::: Listed records :::

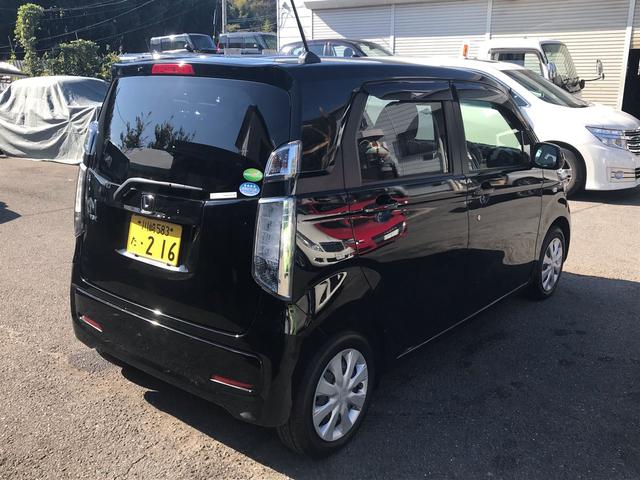 Honda N-WGN 2014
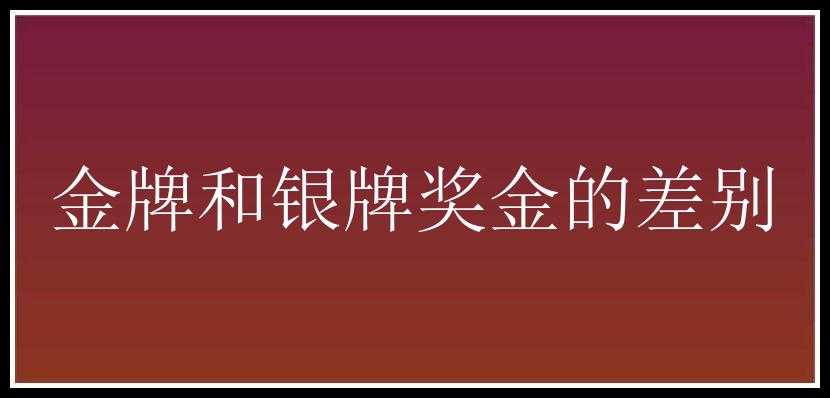 金牌和银牌奖金的差别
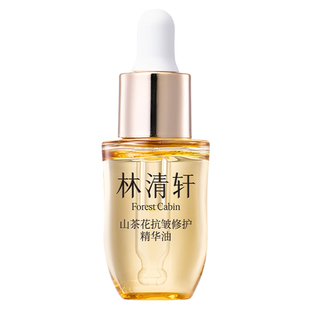 林清轩山茶花抗皱修护精华油5.0 10ml 滋养保湿舒缓紧致 以油养肤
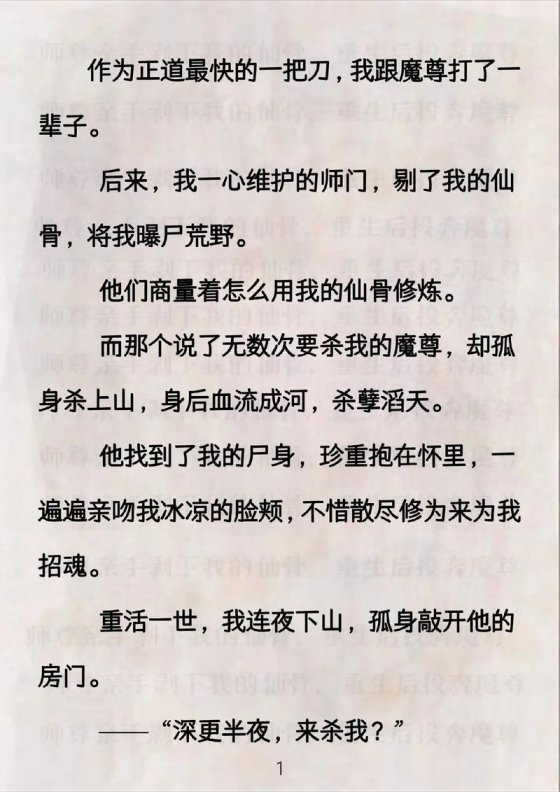 玄幻小说的救赎之道：如何在“为救师尊”中找到创作新突破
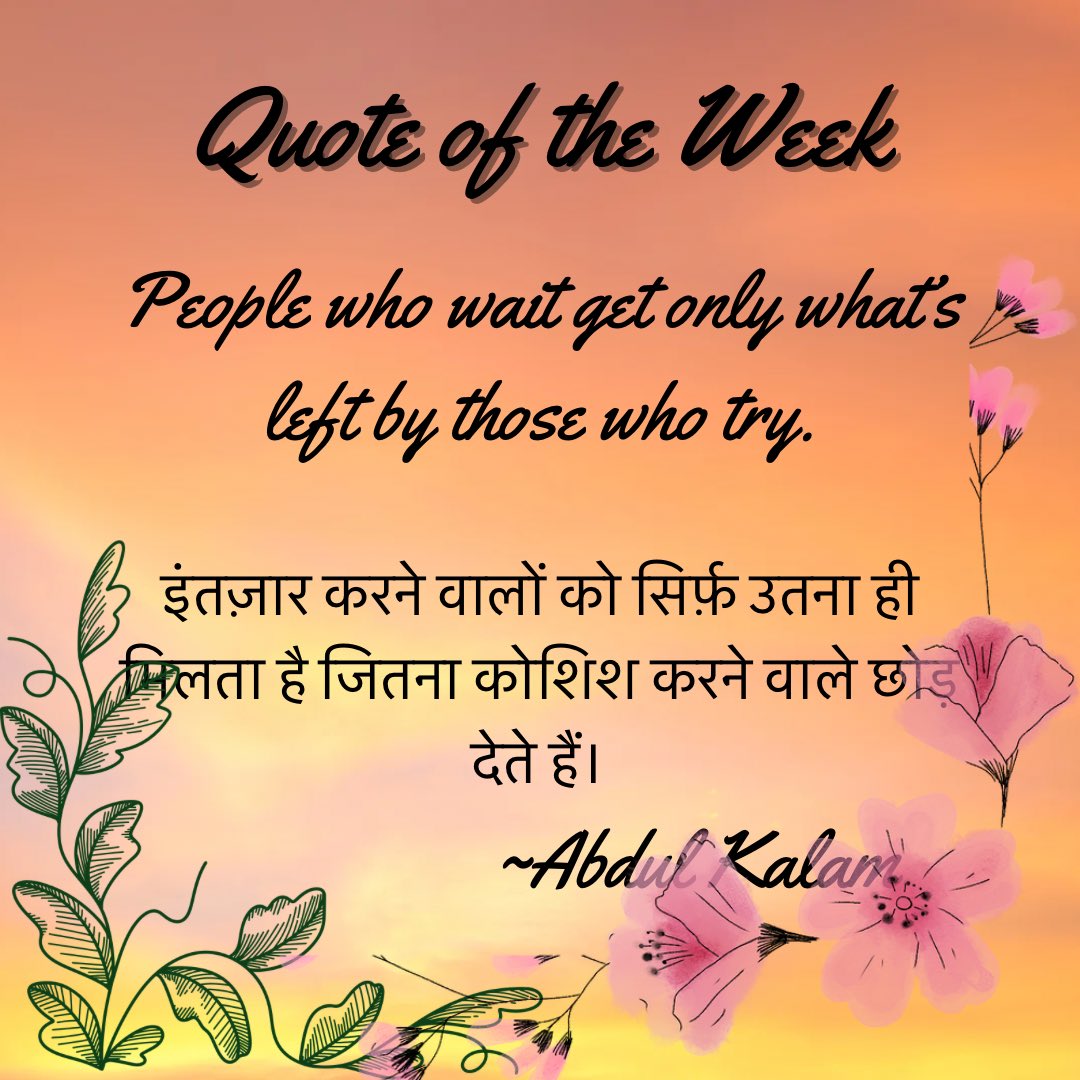 Tuesday motivation- Quote of the week #tuesday #tuesdaymotivation #tuesdaythoughts #tuesdayvibes #tuesdaymood #tuesdayquotes #quote #quotes #quoteoftheday #quoteoftheweek #english #life #lifequotes #inspirationalquotes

:::

• **Exercise brief**:
Omit pictures; set down the rest of the material word for word.

• **Solution to the exercise**:
 Honda N-WGN 2014
 金牌和银牌奖金的差别
 林清轩山茶花抗皱修护精华油5.0 10ml 滋养保湿舒缓紧致 以油养肤
 玄幻小说的救赎之道：如何在“为救师尊”中找到创作新突破
 Tuesday motivation- Quote of the week #tuesday #tuesdaymotivation #tuesdaythoughts #tuesdayvibes #tuesdaymood #tuesdayquotes #quote #quotes #quoteoftheday #quoteoftheweek #english #life #lifequotes #inspirationalquotes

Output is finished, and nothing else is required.